Tyler Rotter (PhD, Early American History) MA, History, 2010 Southern Illinois Universty-Edwardsville; PBS, Museum Studies, 2010 Southern Illinois University-Edwardsville; BA, History, 2007 University of Missouri. Tyler is a PhD candidate specializing in the cultural history of seventeenth-century New England with minor areas in War and Society and Latin America. His research interests include the way in which clergy used their leadership and influence to create propaganda in support of war, its gendered connotations, as well as its reception and how it was integrated into communities socially. Additionally, he is also interested in the religious characteristics of colonization in Latin America and how they compared to those of British North America. Tyler came to Southern Miss from Glen Carbon, Illinois. Tyler is studying under the direction of Dr. Kyle Zelner.

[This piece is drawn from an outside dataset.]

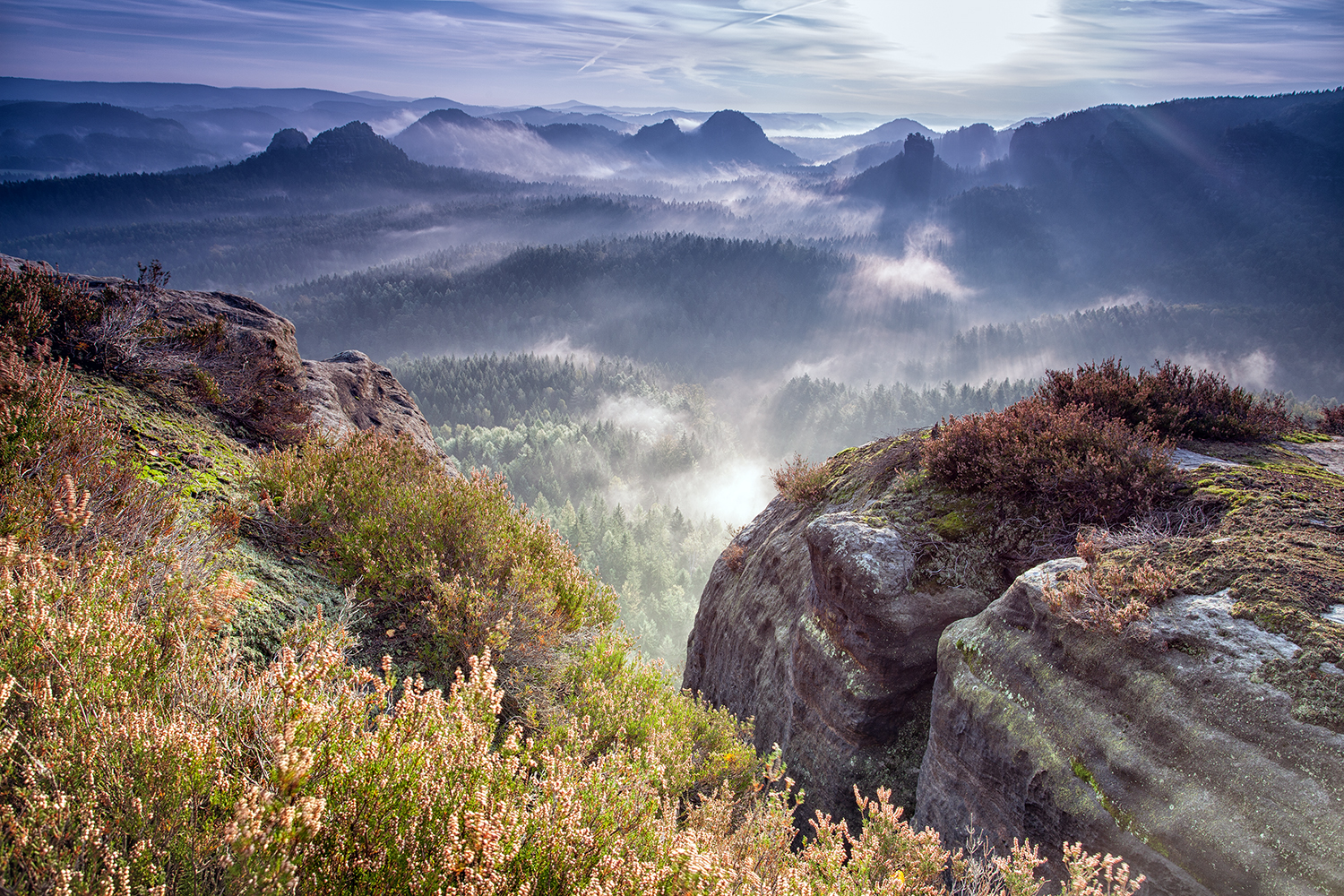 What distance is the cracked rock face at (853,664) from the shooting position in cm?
702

Samantha Taylor (PhD, U.S. History 1867-Present, Modern European History, and War and Society) MA, History, 2009 East Tennessee State University-Johnson City; BS, History, 2007 Lander University-Greenwood.  Samantha’s research interests include the long twentieth-century America and Europe, World War I, World War II, and the Cold War. Other interests include Cultural History, Popular Culture, and twentieth-century American Diplomatic History.  Her current dissertation topic is a comparison of post Cold War nationalism in the United States and Germany from 1989 to 1993.

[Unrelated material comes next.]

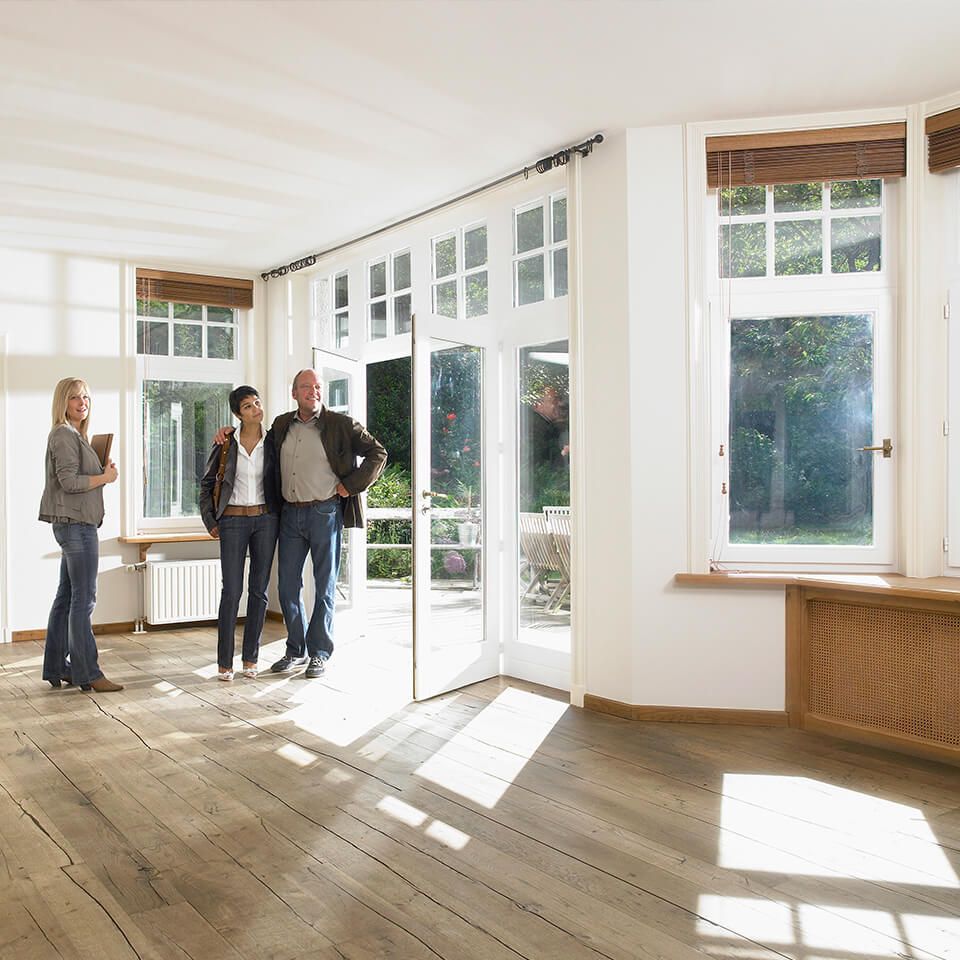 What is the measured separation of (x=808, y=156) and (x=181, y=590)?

Robert Thompson (PhD, U.S. History) MA, History, 2007 Wilfrid Laurier University; BA, History, 2006 Virginia Wesleyan College. Rob’s dissertation is a study of pacification in Phu Yen Province, Republic of Vietnam during the Vietnam War. To show that continuity, not change, best characterized the Vietnam War, Robert uses examples from Phu Yen to present a war in which pacification always transpired.  He has presented some of his findings at the 2012, 2013, and 2014 SMH Annual Meetings. Robert is working under the direction of Dr. Andrew Wiest and Dr. Heather Stur.

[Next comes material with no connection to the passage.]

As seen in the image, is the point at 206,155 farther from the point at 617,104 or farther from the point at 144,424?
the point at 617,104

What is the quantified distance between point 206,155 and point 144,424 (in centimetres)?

Eve Wade (PhD, U.S. History).  MA, History, 2008 Roosevelt University.  A Native of Chicago, Illinois, her major field of research is U.S. History with minors in Latin American History, and the history of race and ethnicity.  Eve’s research interests include Chattel Slavery in North and South America as well as the Caribbean, black religion, and the development of African American communities across the South in the wake of the Civil War.  In addition to the traditional study of history, she is also pursuing Graduate Certificates in both Public History and Archives and Special Collections.  Her dissertation will explore money, music, and memory in Hattiesburg’s, historically black, Mobile-Bouie community.  

Rebecca Zimmer (PhD, U.S. History), MA, History, 2009 University of North Carolina Wilmington; BS, Biology, 2002 Elon University. Becky’s MA thesis "Uncommon Valor, Common Soldier: Edward Hall Armstrong, 3rd Regiment North Carolina Troops," argued despite the fact Armstrong was from a wealthy family and his appointment as the captain of Company G, 3rd N.C.T., Armstrong was representative of the common Confederate soldier. Becky spent the summers of 2008 and 2010 at the George Tyler Moore Center for the Study of the Civil War as their George M. Nethken Fellow. This permitted her the opportunity to work on the seminars "Gettysburg: Retreat and Pursuit" and "Siege of Petersburg," the latter of which was presented in conjunction with Pamplin Park. During the 2009 - 2010 academic year, Becky was an adjunct lecturer at the University of North Carolina, Pembroke. She is currently a fifth-year PhD student, and Teaching Assistant. Her research interests include the American Civil War and the South in the latter half of the nineteenth century. Her dissertation is tentatively titled “Temperance and Woman Suffrage: Success and Struggle in Mississippi at the Turn of the Twentieth Century,” and considers the relationship between the Woman’s Christian Temperance Union and the woman suffrage movement in Mississippi.